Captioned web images
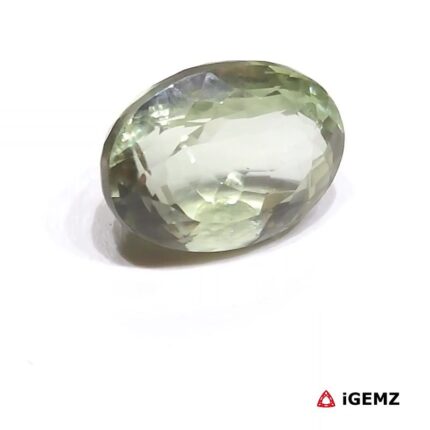 15.4 ct Green Prasiolite - iGemz26144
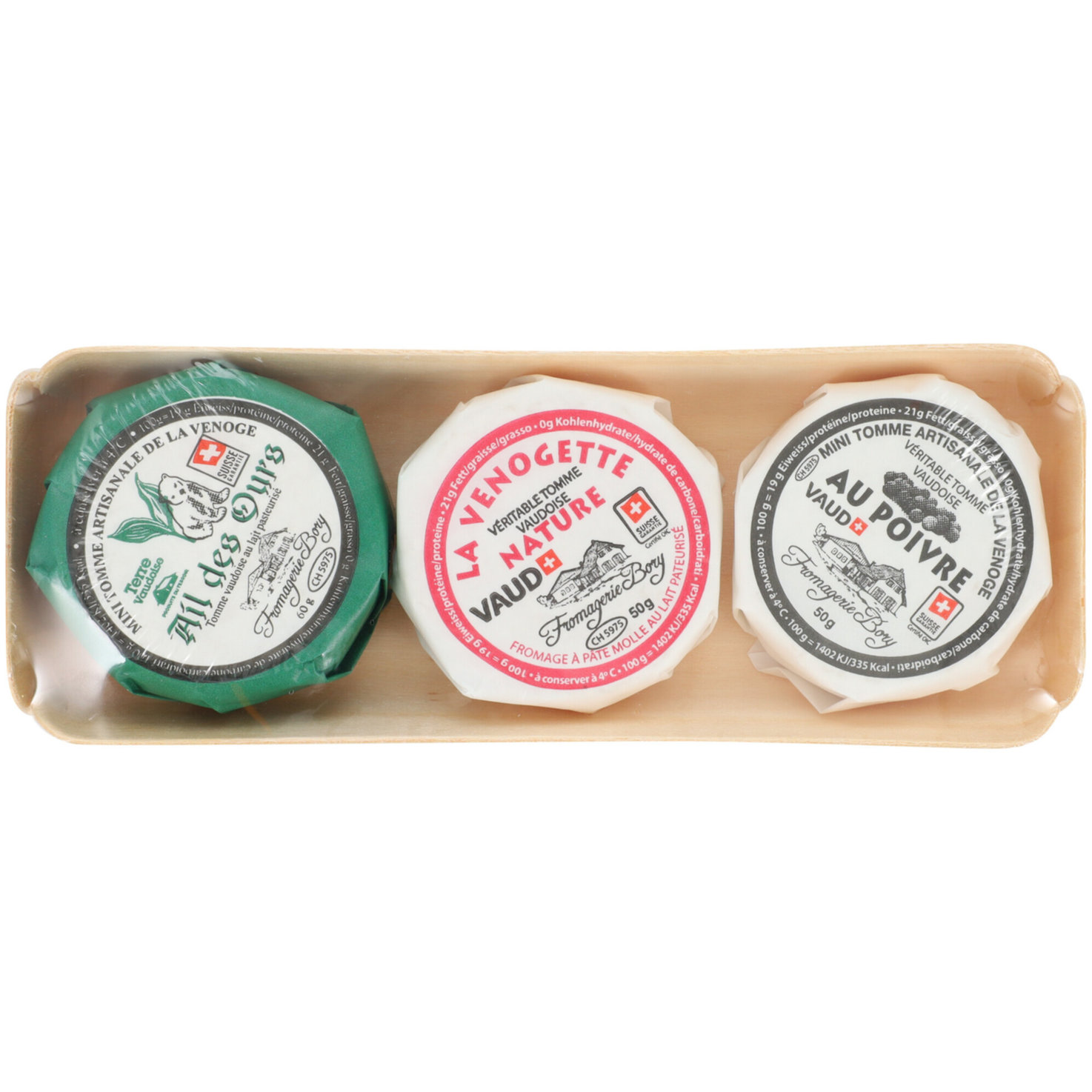 Bory Tomme Mini 3 Stück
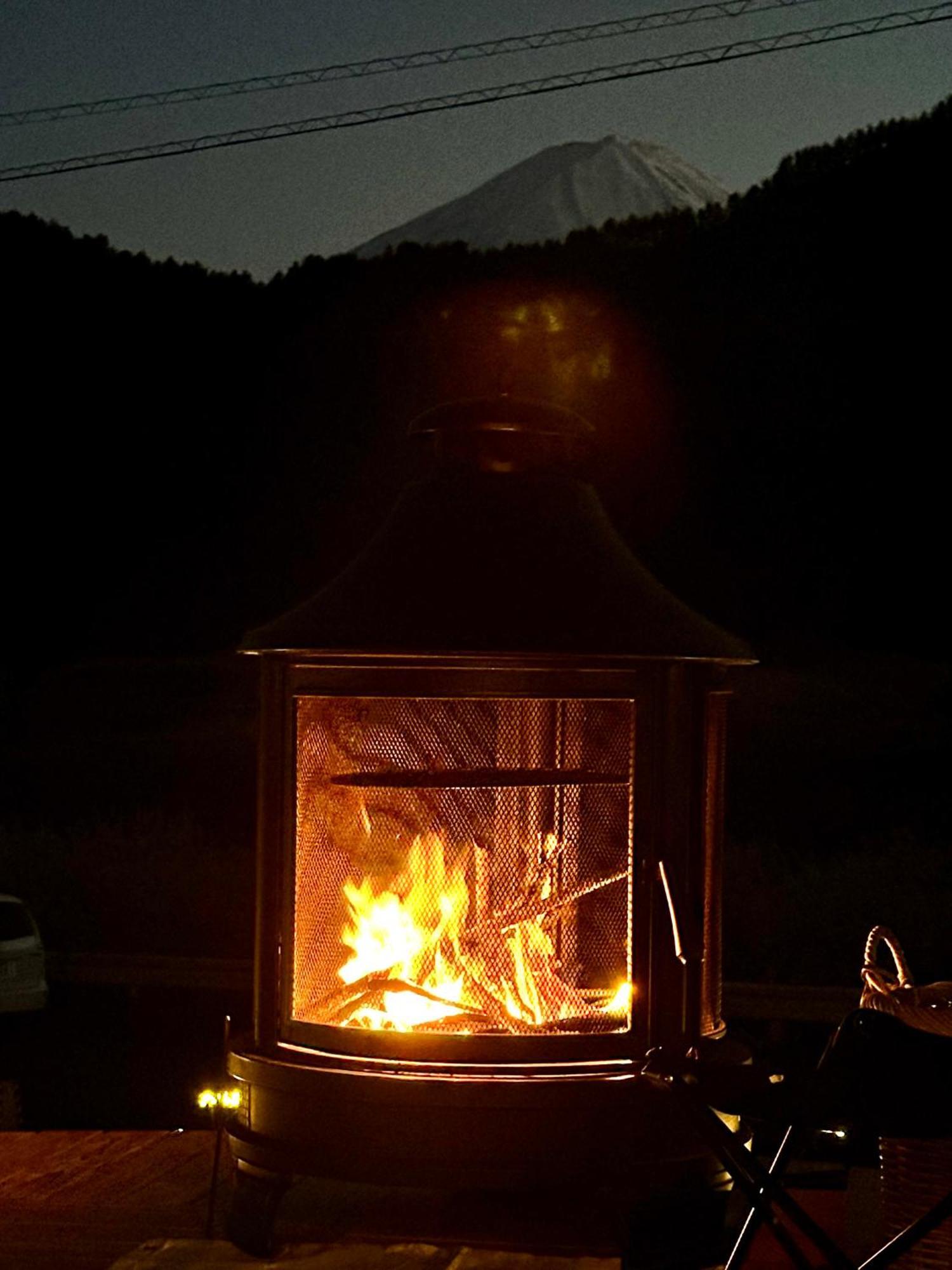 Fuji Dome Glamping Hotel Fujikawaguchiko Exterior foto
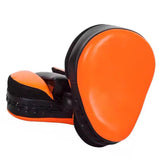 Maxbell 1 Pair Boxing Pads Focus Pad Curved Punching Mitts for Practice Sanda Karate Orange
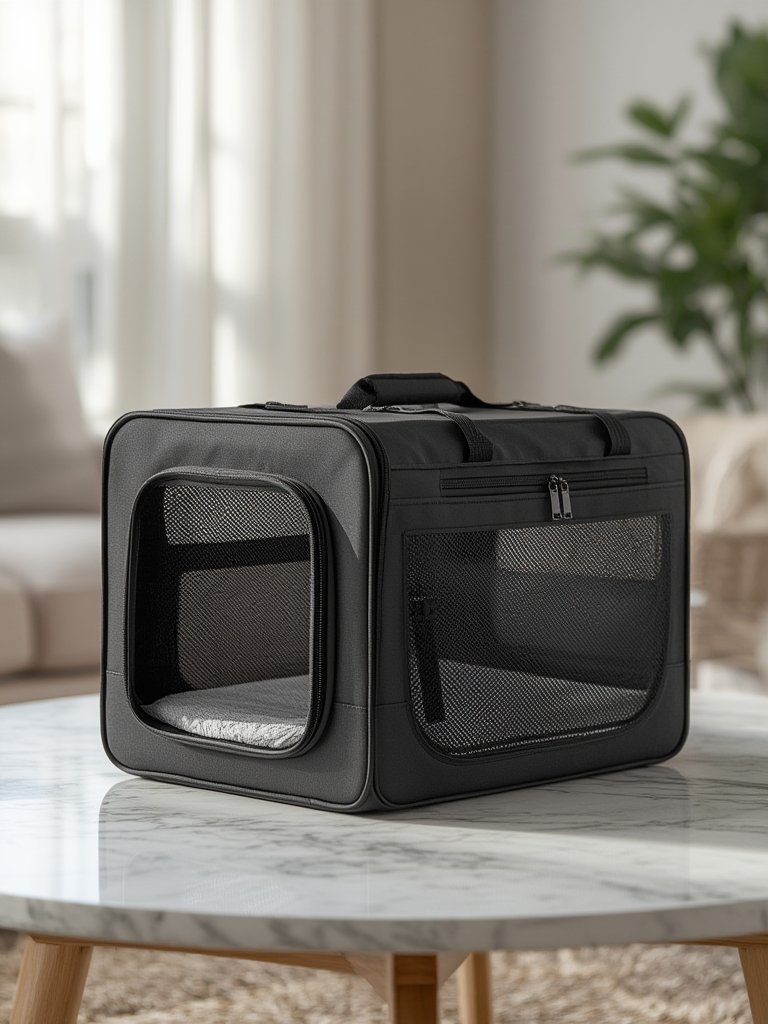 Petmate Soft-Sided Kennel Cab Pet Carrier details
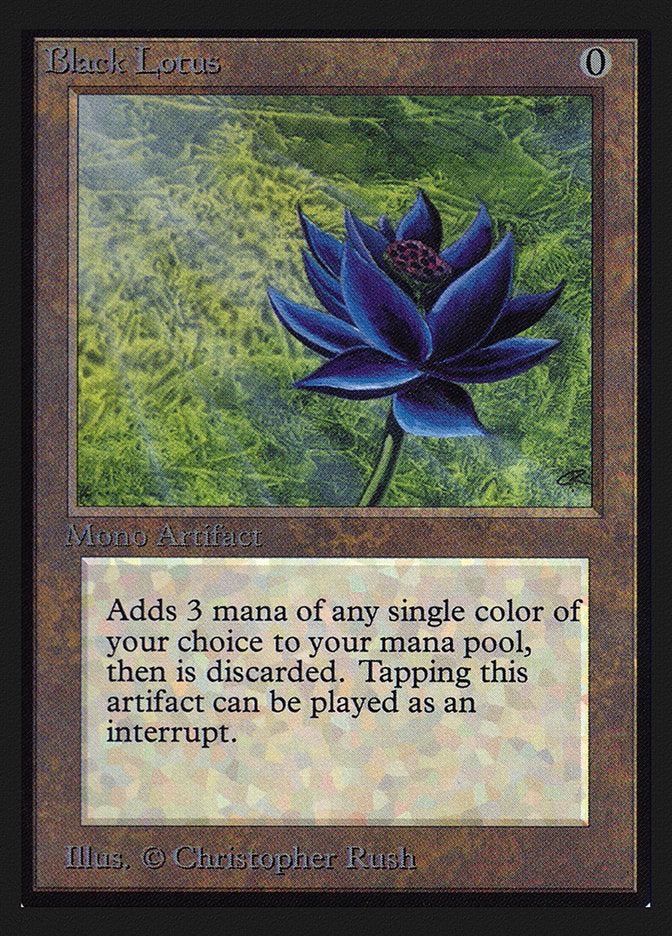 Lotus Noir (IE) [Intl. Edition collector] 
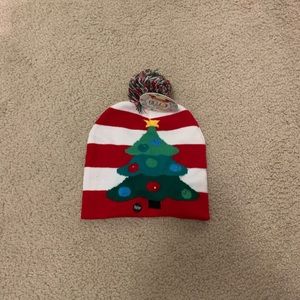 Christmas light up hat
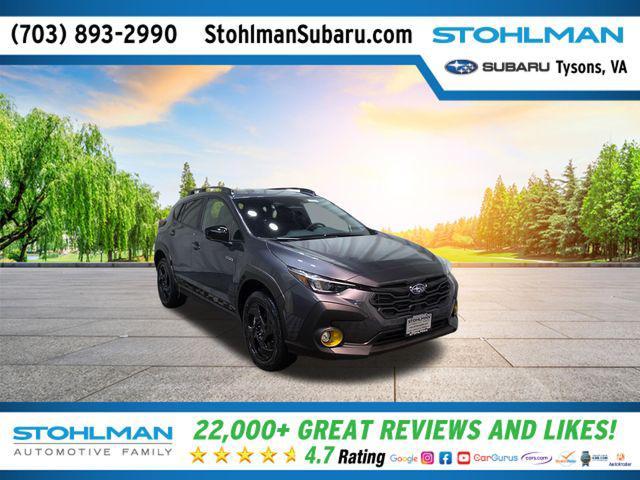 new 2026 Subaru Crosstrek Hybrid car, priced at $34,444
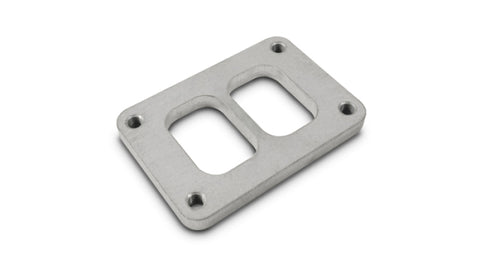 Vibrant T06 Turbo Inlet Flange (Divided Inlet) T304 SS 1/2in Thick
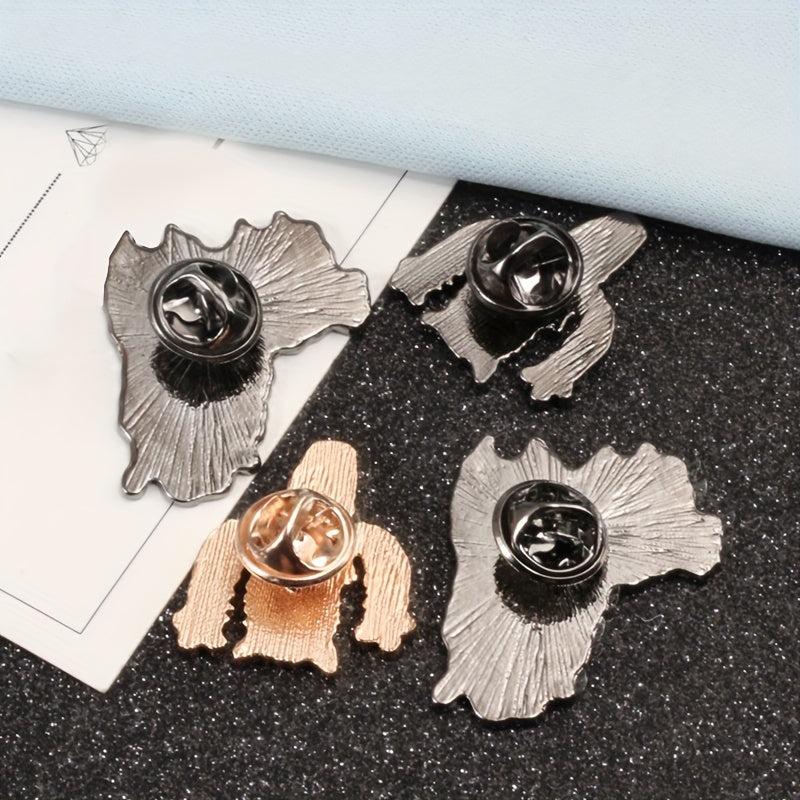 Cartoon Sheep Brooch for Men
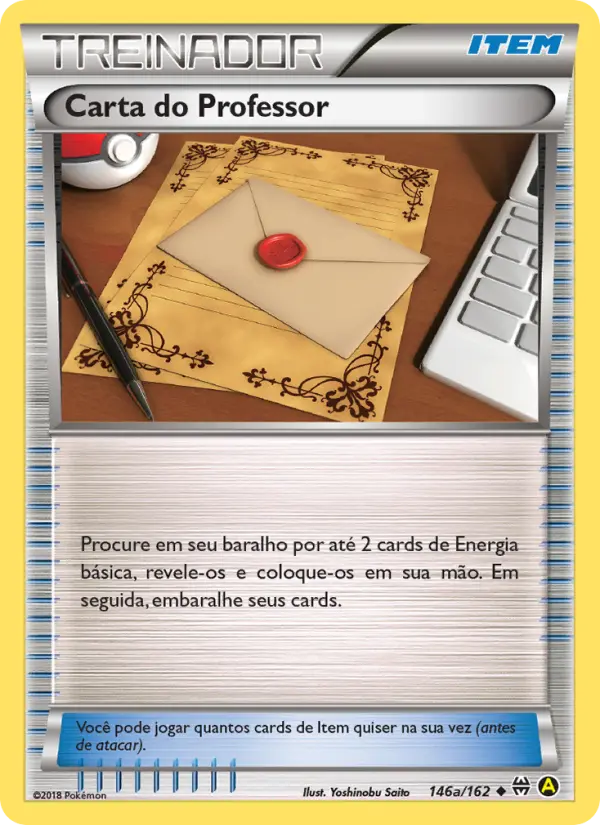Carta Carta do Professor — BREAKthrough 146/162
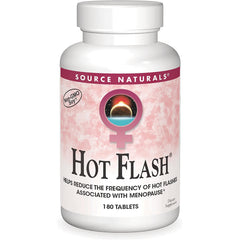 SN617 | Source Naturals Hot Flash dietary supplement, 180 tablets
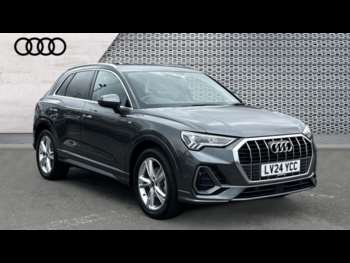 2024 - 35 TFSI S Line 5dr S Tronic [Tech Pack] Auto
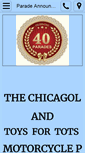 Mobile Screenshot of chicagolandtft.org
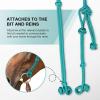 Harrison Howard Rope Halter Headstall for Horses no Noseband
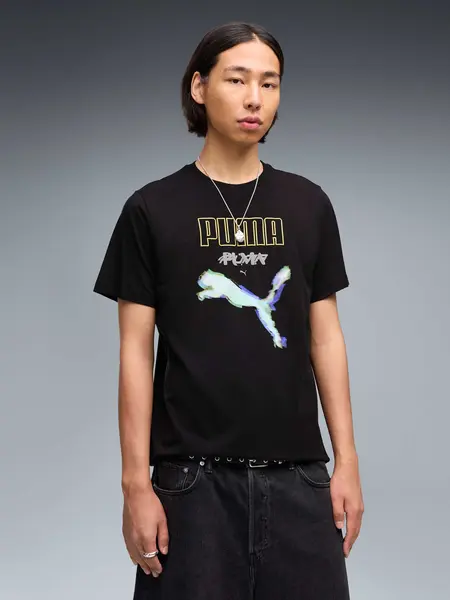Tricou Graphics Cyber Puma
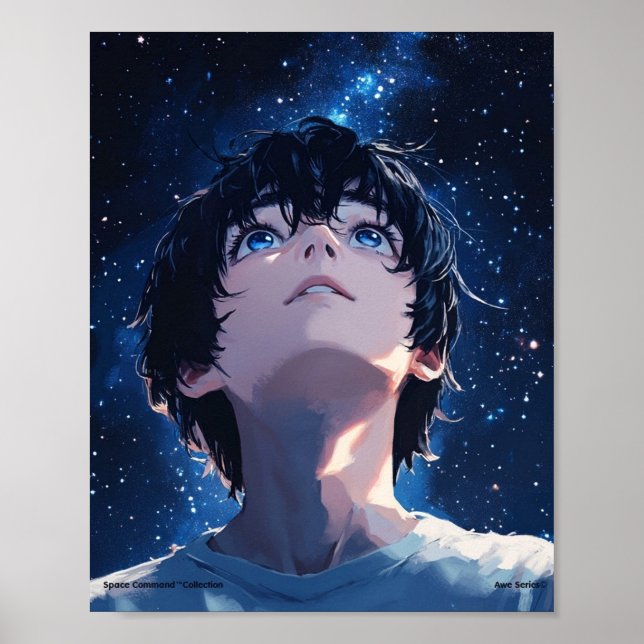 Space Command Collection - Awe Series Poster (Framsidan)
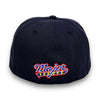 Major League 1989 59FIFTY Navy New Era Hat Green UV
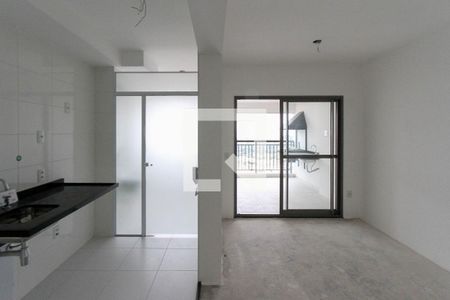 Sala de apartamento para alugar com 2 quartos, 64m² em Vila Independencia, São Paulo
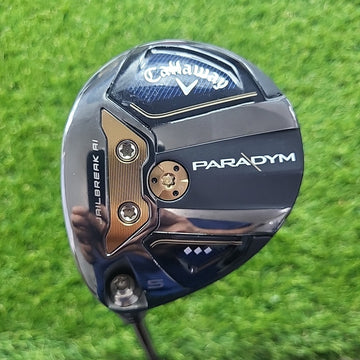 Callaway Paradym Triple Diamond 5 Wood 18 Degree Hzrdus 6.0 Stiff *LEFT HANDED*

** WHAT IS EXPECTED **
No pictures should appear in the copy. Print exactly the lines above from the line containing "Carta Carta do" through the last line of the data.

** RESULT OF THIS EXERCISE **
Carta Carta do Professor — BREAKthrough 146/162
 SN617 | Source Naturals Hot Flash dietary supplement, 180 tablets
 2024 - 35 TFSI S Line 5dr S Tronic [Tech Pack] Auto
 Mobile Screenshot of chicagolandtft.org
 Harrison Howard Rope Halter Headstall for Horses no Noseband
Tricou Graphics Cyber Puma
 Space Command Collection - Awe Series Poster (Framsidan)
 Major League 1989 59FIFTY Navy New Era Hat Green UV
 Sala de apartamento para alugar com 2 quartos, 64m² em Vila Independencia, São Paulo
 Callaway Paradym Triple Diamond 5 Wood 18 Degree Hzrdus 6.0 Stiff *LEFT HANDED*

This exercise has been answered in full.